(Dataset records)
[Start of Attachment]

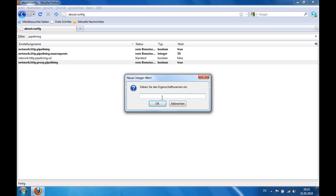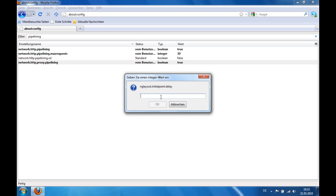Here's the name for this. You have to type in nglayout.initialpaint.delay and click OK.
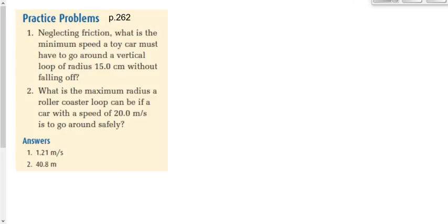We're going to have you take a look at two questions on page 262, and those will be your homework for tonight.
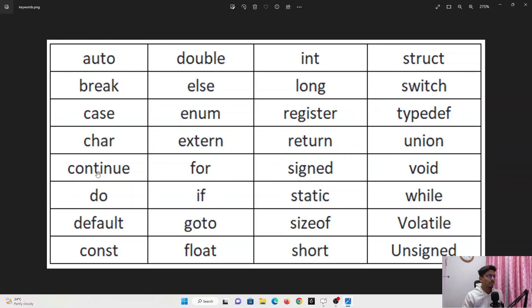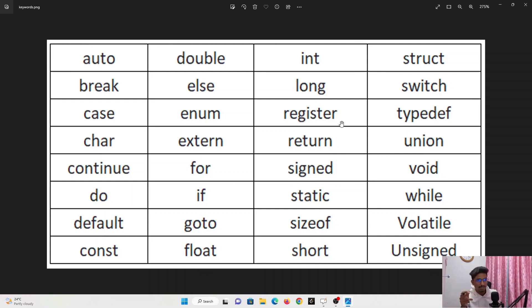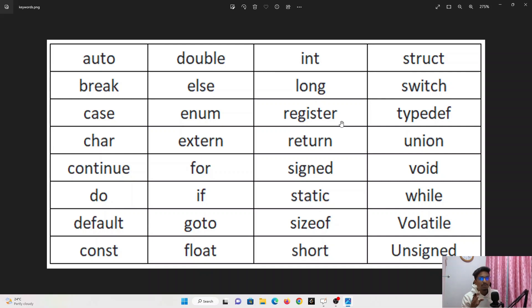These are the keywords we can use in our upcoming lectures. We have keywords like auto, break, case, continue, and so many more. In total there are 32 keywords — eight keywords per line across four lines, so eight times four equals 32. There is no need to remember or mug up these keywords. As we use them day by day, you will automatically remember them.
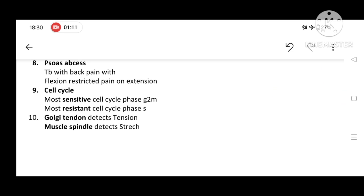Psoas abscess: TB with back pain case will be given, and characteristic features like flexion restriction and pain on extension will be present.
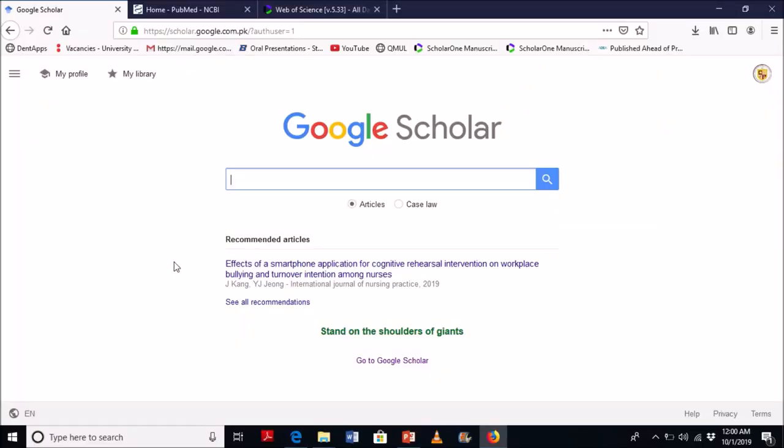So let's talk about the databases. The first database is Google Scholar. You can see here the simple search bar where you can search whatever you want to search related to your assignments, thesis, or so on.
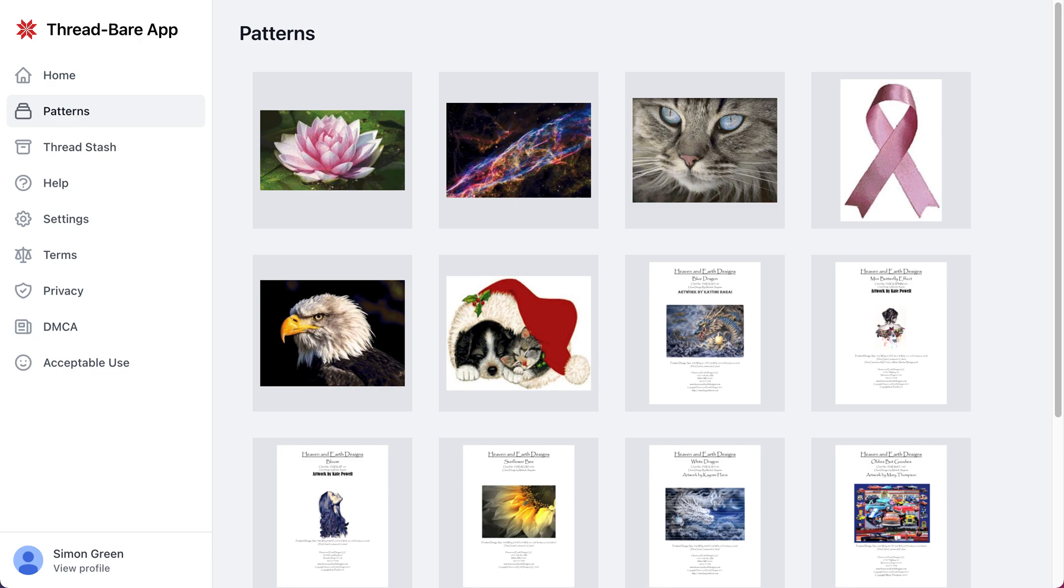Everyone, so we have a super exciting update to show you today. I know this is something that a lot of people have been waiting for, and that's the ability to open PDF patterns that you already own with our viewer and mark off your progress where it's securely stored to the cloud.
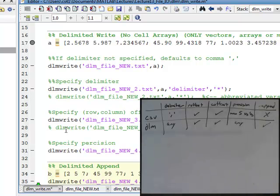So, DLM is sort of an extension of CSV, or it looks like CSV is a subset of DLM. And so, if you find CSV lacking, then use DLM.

[End of Attachment]
[Start of Attachment]

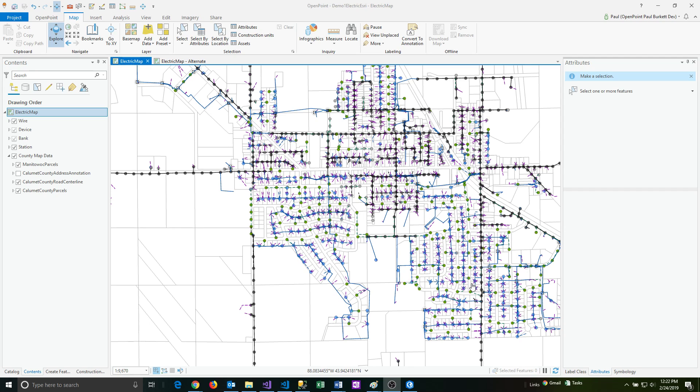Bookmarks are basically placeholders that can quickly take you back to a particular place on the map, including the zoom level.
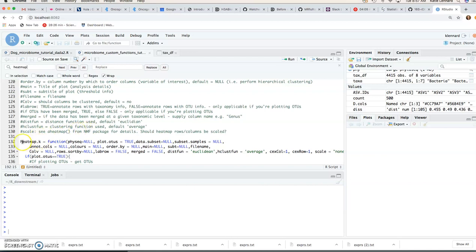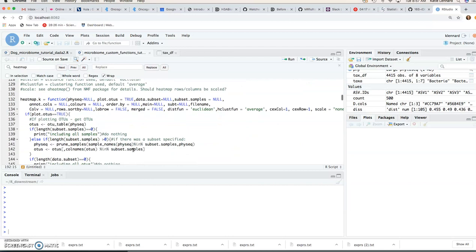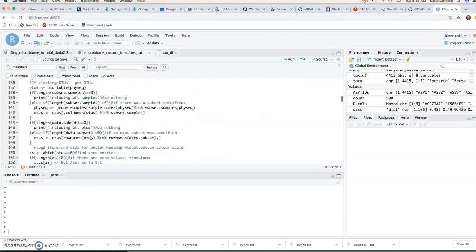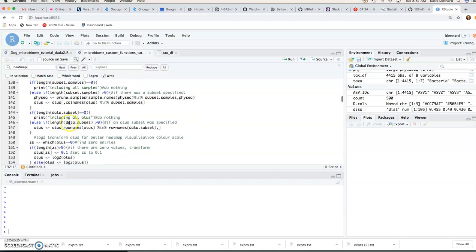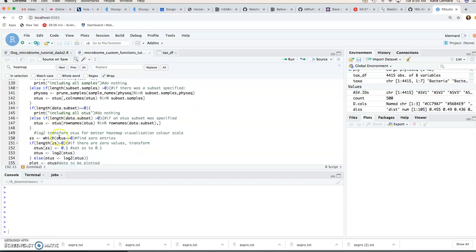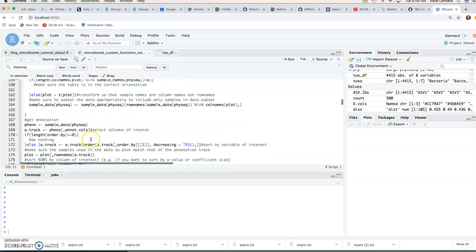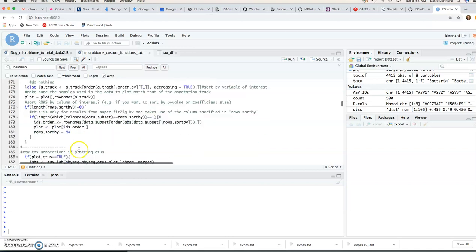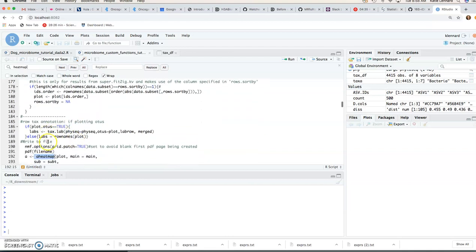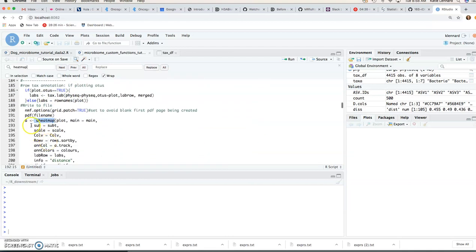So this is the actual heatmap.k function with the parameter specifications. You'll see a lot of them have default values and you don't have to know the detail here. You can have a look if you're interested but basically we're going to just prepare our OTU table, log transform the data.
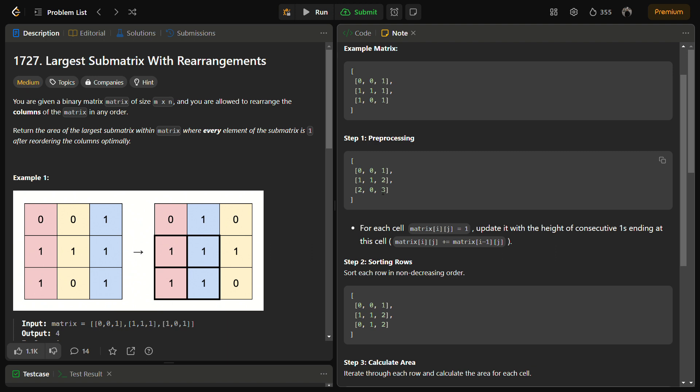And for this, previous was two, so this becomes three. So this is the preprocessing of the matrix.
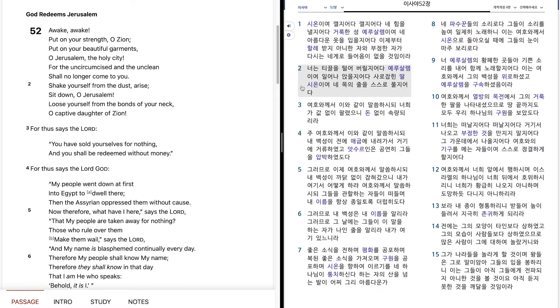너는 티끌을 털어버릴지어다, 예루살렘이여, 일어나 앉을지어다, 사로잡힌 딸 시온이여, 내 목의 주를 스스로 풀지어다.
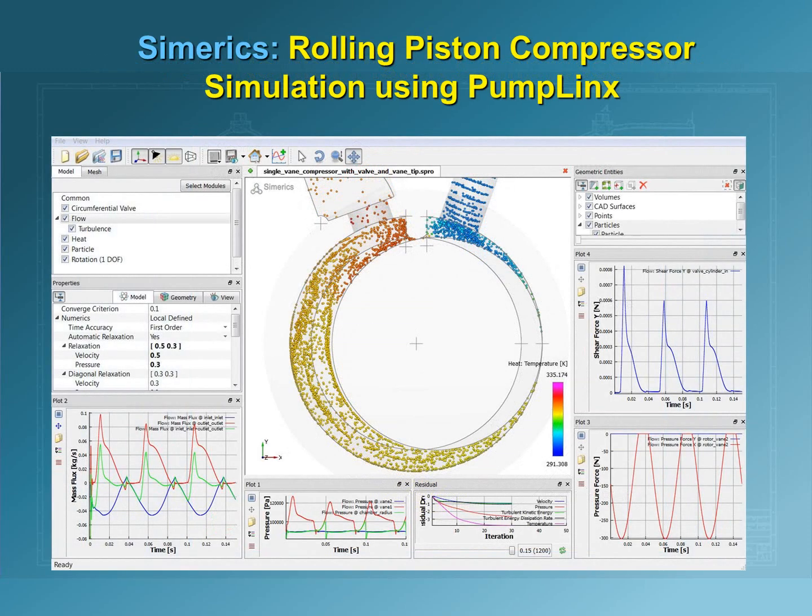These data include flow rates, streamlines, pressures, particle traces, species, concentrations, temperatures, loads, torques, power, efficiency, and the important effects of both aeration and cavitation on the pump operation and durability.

[End of Attachment]
[Start of Attachment]

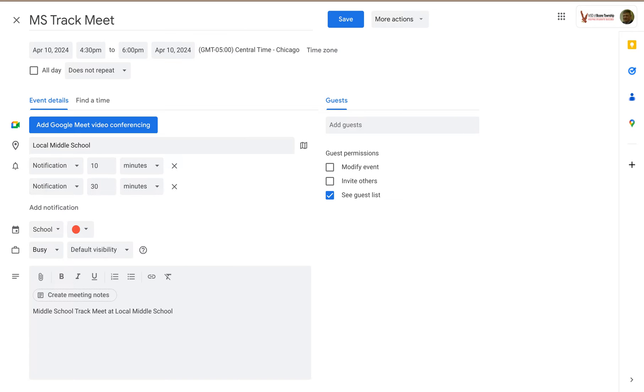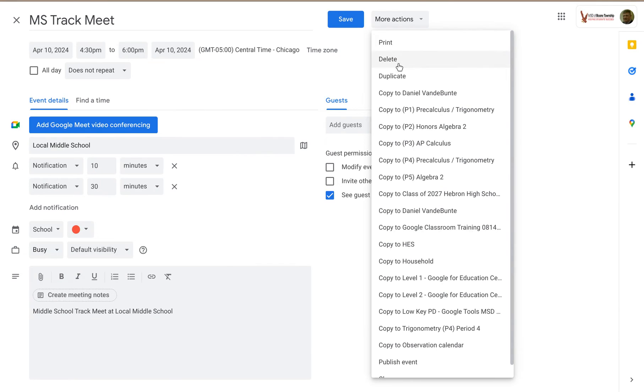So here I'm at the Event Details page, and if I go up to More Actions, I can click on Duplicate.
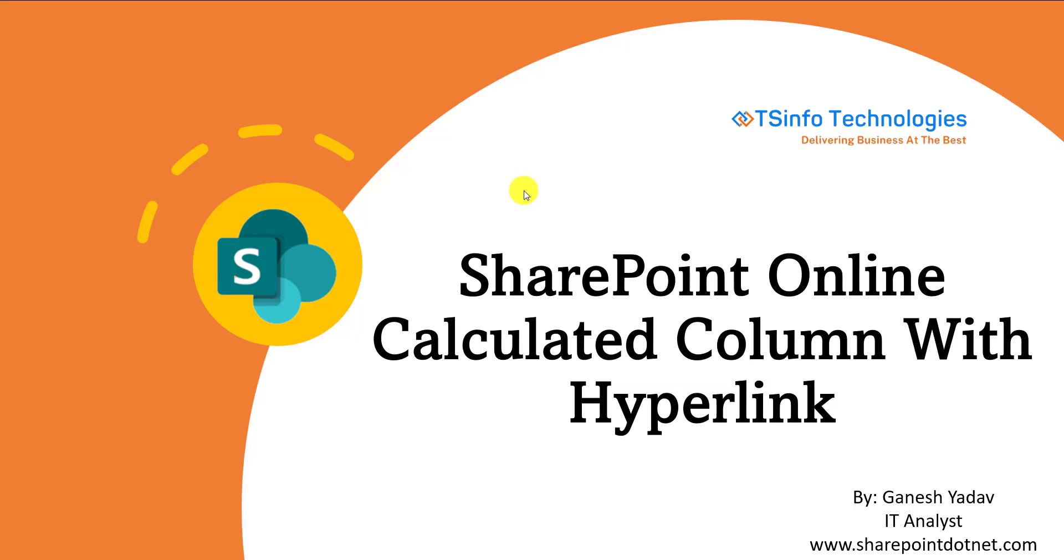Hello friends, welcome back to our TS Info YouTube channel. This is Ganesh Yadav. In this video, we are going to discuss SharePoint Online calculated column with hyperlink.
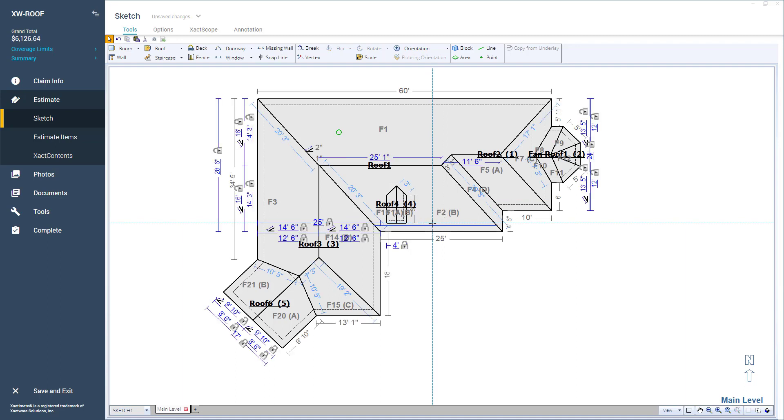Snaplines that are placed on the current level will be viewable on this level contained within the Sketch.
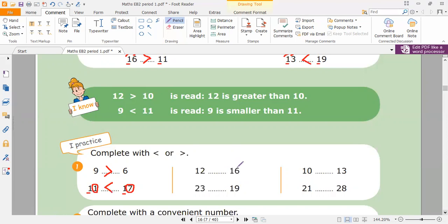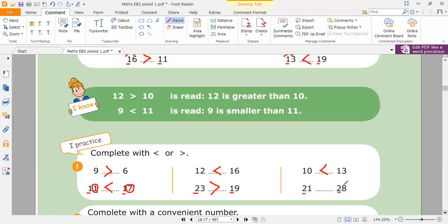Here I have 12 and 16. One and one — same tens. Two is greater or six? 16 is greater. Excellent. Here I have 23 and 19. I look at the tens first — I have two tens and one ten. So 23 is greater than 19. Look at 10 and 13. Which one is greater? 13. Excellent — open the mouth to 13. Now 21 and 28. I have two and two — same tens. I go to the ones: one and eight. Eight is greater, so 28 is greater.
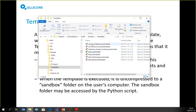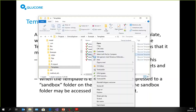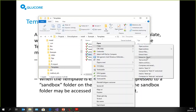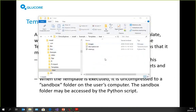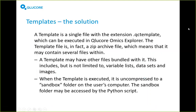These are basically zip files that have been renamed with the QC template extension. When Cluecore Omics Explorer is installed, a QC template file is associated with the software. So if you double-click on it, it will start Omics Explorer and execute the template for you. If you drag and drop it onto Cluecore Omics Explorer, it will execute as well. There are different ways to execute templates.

[End of Attachment]

- [AIM OF THE EXERCISE] Make an exact copy of the lines above, beginning with the line with "Here's the name" and ending with the line with "These are the", and keep the pictures out of it.

- [OUTPUT OF THE TASK]
Here's the name for this. You have to type in nglayout.initialpaint.delay and click OK.
We're going to have you take a look at two questions on page 262, and those will be your homework for tonight.
These are the keywords we can use in our upcoming lectures. We have keywords like auto, break, case, continue, and so many more. In total there are 32 keywords — eight keywords per line across four lines, so eight times four equals 32. There is no need to remember or mug up these keywords. As we use them day by day, you will automatically remember them.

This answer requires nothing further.